## Exercise aim
Exact copies of all the entries are required.
"""
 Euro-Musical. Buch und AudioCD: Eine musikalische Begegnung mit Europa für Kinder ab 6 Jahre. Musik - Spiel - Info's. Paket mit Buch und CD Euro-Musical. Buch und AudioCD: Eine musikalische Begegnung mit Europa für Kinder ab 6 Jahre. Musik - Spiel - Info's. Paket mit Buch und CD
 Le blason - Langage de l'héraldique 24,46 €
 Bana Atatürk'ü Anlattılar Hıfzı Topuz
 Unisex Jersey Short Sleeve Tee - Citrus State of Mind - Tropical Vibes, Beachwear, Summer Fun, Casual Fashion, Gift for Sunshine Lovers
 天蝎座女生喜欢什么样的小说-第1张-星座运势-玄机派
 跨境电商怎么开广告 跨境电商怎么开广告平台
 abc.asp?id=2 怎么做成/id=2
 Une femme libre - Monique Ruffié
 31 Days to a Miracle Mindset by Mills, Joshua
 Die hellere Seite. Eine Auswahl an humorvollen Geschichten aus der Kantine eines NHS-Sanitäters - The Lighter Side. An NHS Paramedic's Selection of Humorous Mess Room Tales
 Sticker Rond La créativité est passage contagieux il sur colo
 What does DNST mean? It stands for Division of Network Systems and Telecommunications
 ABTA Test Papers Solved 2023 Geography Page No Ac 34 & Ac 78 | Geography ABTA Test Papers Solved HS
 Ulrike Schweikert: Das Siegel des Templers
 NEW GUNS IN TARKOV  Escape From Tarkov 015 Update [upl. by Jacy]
"""
## Exercise solution
 Euro-Musical. Buch und AudioCD: Eine musikalische Begegnung mit Europa für Kinder ab 6 Jahre. Musik - Spiel - Info's. Paket mit Buch und CD Euro-Musical. Buch und AudioCD: Eine musikalische Begegnung mit Europa für Kinder ab 6 Jahre. Musik - Spiel - Info's. Paket mit Buch und CD
 Le blason - Langage de l'héraldique 24,46 €
 Bana Atatürk'ü Anlattılar Hıfzı Topuz
 Unisex Jersey Short Sleeve Tee - Citrus State of Mind - Tropical Vibes, Beachwear, Summer Fun, Casual Fashion, Gift for Sunshine Lovers
 天蝎座女生喜欢什么样的小说-第1张-星座运势-玄机派
 跨境电商怎么开广告 跨境电商怎么开广告平台
 abc.asp?id=2 怎么做成/id=2
 Une femme libre - Monique Ruffié
 31 Days to a Miracle Mindset by Mills, Joshua
 Die hellere Seite. Eine Auswahl an humorvollen Geschichten aus der Kantine eines NHS-Sanitäters - The Lighter Side. An NHS Paramedic's Selection of Humorous Mess Room Tales
 Sticker Rond La créativité est passage contagieux il sur colo
 What does DNST mean? It stands for Division of Network Systems and Telecommunications
 ABTA Test Papers Solved 2023 Geography Page No Ac 34 & Ac 78 | Geography ABTA Test Papers Solved HS
 Ulrike Schweikert: Das Siegel des Templers
 NEW GUNS IN TARKOV  Escape From Tarkov 015 Update [upl. by Jacy]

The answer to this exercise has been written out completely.